▶ INFORMATION SHOWN
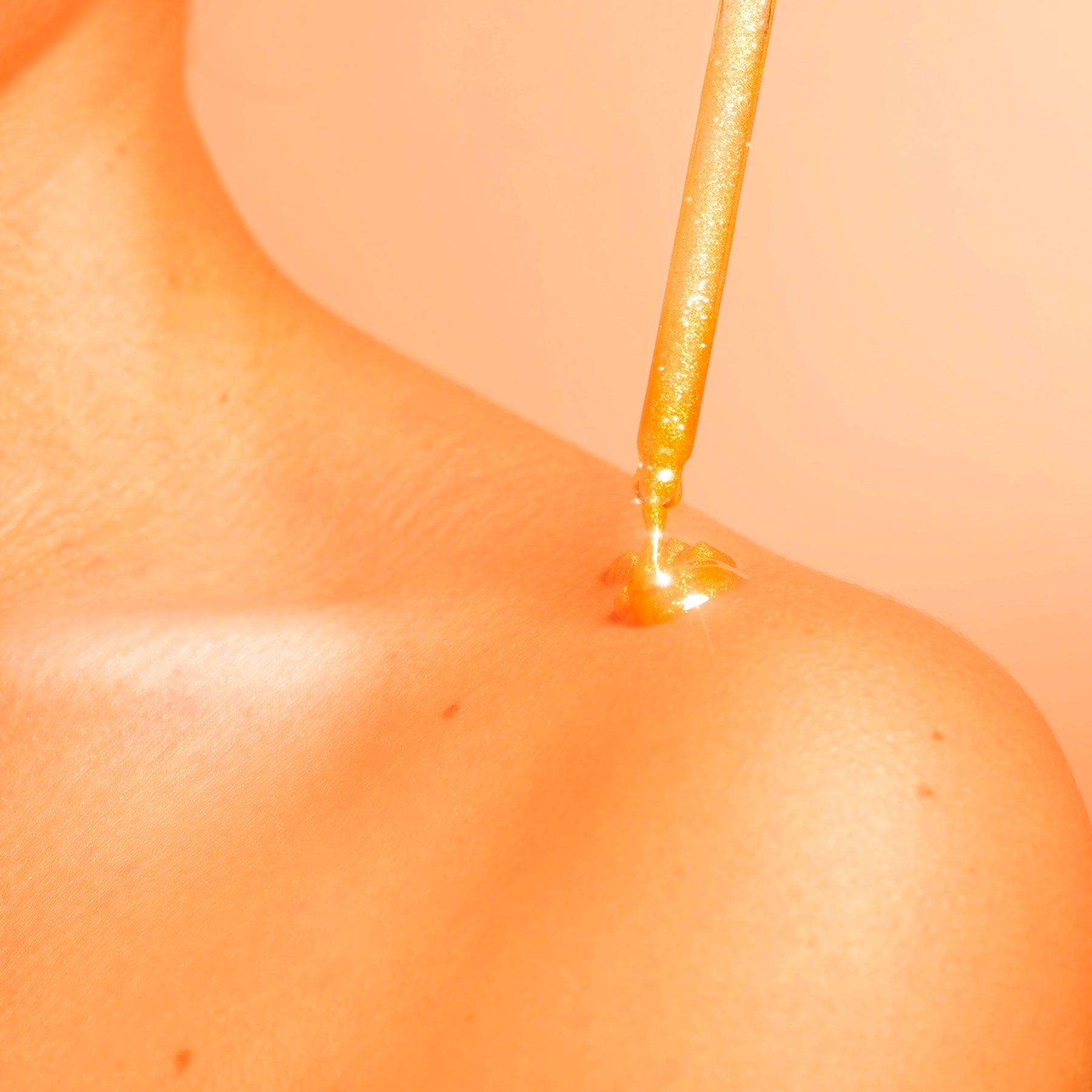 Ulei stralucitor cu mango pentru hidratare și strălucire – corp și păr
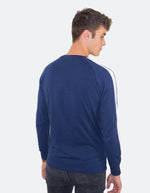 KRIOSWEAR Navy blue Sweater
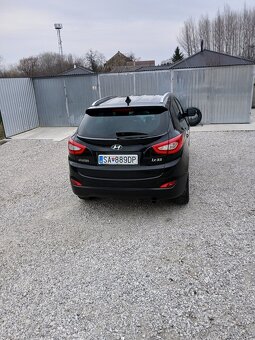 Hyundai ix35.1.6- GDi  benzin - 2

▶ EXERCISE
Since pictures are not part of the copy, set down only the remaining data exactly.

▶ RESPONSE AREA
 Ulei stralucitor cu mango pentru hidratare și strălucire – corp și păr
 KRIOSWEAR Navy blue Sweater
 Hyundai ix35.1.6- GDi  benzin - 2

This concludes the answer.